The large monocot plants, (emergent graminoids), like a lawn, are ravenous feeders of nitrogenous matter (anyone who has tried to use lawn fertilizer knows that the first number is N and is usually a double digit number, while the P and K are single digits), which is yet another reason why it is SO important to have Aldrovanda in close proximity (within a few inches) to the roots of these monocot plants) so that they quickly absorb and assimilate these released excess nitrogenous compounds, which in turn, causes these monocot plants to go into over-drive as they process these compounds, by means of respiration and the Krebbs Cycle with the ADP-ATP and all the other chemical functions driven by these processes which result in an increased rate of respiration and the release of CO2 into the water which the Aldrovanda needs for it's accelerated rate of growth for photosynthesis, and to support its amazing growth rate of producing 1.2 to 2.3 whorls a day, and branching every 5 to 7 days, doubling its population exponentially.
This is why Aldrovanda gets SO quickly attacked by filamentous algae (the opportunists as they are) when we try to grow them in containers without these monocot companion plants to quickly remove these excess nitrogenous compound that they release into the water.
The second part of this symbiotic relationship is the host of the zooplankton community that they have dwelling around them.
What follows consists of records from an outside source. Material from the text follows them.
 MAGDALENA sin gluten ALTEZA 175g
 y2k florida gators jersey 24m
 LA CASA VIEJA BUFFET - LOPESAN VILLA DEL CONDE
I once took a handful of these plants to my son's college ESU, (East Stroudsburg University), in his Biology preffersor's lab, and observed them under a dissecting microscope, and noticed that they looked like a tropical rain forest canopy in miniature, teaming with life, from rotifers, to several different copepods, paramecium, small snails small worms, insect larvae etc, swarming all over these strands some even grooming and feeding off of the filamentous algae on the strands and some getting trapped in the traps. The small snails were pulling out the spent prey from the old traps which, otherwise would become infested with algae, which is the very base of the aquatic ecosystems food chain.
It was an amazing sight to observe! They actually also function as effective predators to the zooplakton community so that they don't go into those catastrophic cycles of population blooms and busts, going from eutrophic to oligitrophic cycles that eventually developed into severe and massive algae blooms which deplete the dissolved oxygen (DO) from the water during the night so hard, that it kills even fish and just about everything else that depends on the DO. This may be the first time that a plant is categorized as an effective predator of an animal population!"